Adding Some Spice to an Otherwise Bland Day: American Express v. Italian Colors Restaurant
The Supreme Court disappointed a great many people on Thursday. No affirmative action. No voting rights. No marriage equality. Nevertheless, the Court did issue an opinion in an important business case – a business-on-business dispute that shouldn’t be ignored, American Express v. Italian Colors Restaurant.

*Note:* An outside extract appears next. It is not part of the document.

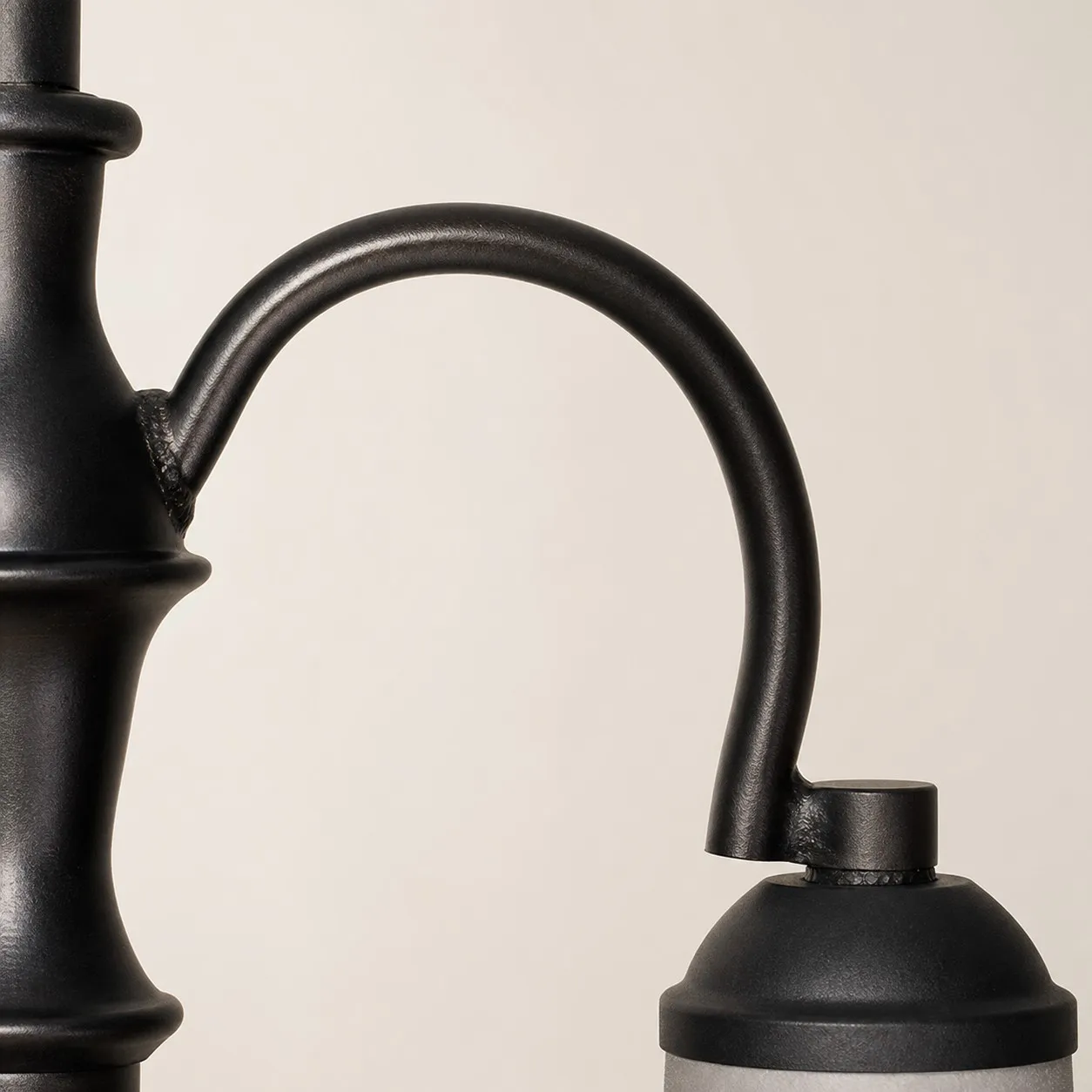 Close view of curved black iron chandelier arm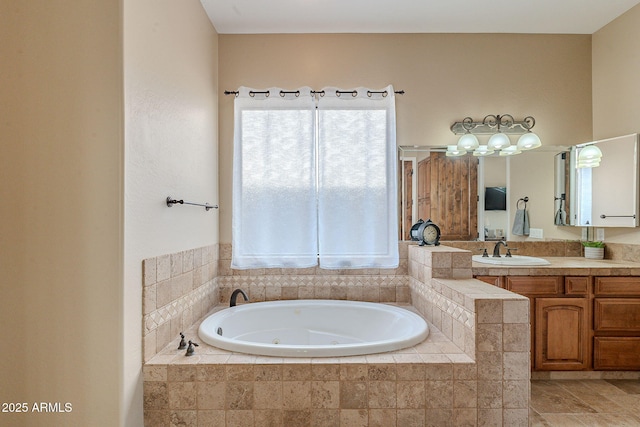 full bathroom featuring a healthy amount of sunlight, vanity, and a whirlpool tub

The case involved a set of consolidated antitrust suits brought by an Oakland restaurant and other small merchants against American Express. The plaintiffs accused the credit card giant of using “its monopoly power in the market for charge cards to force merchants to accept credit cards at rates approximately 30% higher than the fees for competing credit cards.” The plaintiffs had entered into an agreement with American Express that required them to arbitrate any disputes with the company and that prohibited any attempts to pursue their claims through class arbitration. At the same time, the expert evidence required to win an individual antitrust claim was likely to cost more than any individual claimant was likely to recover in an individual action.
Simply put, American Express had many of the hallmarks of your typical under-the-radar, but highly important, business case in the Roberts Court. The U.S. Chamber of Commerce filed an amicus brief. The Court divided closely along ideological lines. And the Chamber’s side prevailed.
American Express also had one interesting, atypical feature that’s worthy of note. While the Chamber usually files briefs siding with businesses over ordinary citizens, in American Express the Chamber actually took sides in a business-on-business dispute – siding with a big business over a number of smaller ones. It did so in order to advance a key part of their long-term agenda, using arbitration agreements to make it harder for small claimants – whether they’re ordinary Americans or small businesses – to bring claims in court against large companies. In an opinion authored by Justice Scalia and joined by his conservative brethren, the Court heeded the Chamber’s call in American Express, holding that arbitration agreements (and, with them, any class arbitration waivers) must be enforced, even if “the plaintiff’s cost of individually arbitrating a federal statutory claim exceeds the potential recovery.”
Justice Kagan fired back against the majority with a snappy (and highly readable) dissent, joined by Justices Breyer and Ginsburg. (Justice Sotomayor was recused from the case.) Calling any attempt by individuals to vindicate their claims in such a circumstance “a fool’s errand,” Justice Kagan explained that “[n]o rational actor would bring a claim worth tens of thousands of dollars if doing so meant incurring costs in the hundreds of thousands.” Instead, in Justice Kagan’s view, the Court’s conservatives had left the merchants with a troubling choice: “Spend way, way, way more money than your claim is worth, or relinquish your Sherman Act rights.” Justice Kagan concluded that the Court’s conservatives had transformed the Federal Arbitration Act, which had traditionally “conceived of arbitration as a ‘method of resolving disputes,’” into “more nearly the opposite – a mechanism easily made to block the vindication of meritorious federal claims and insulate wrongdoers from liability.”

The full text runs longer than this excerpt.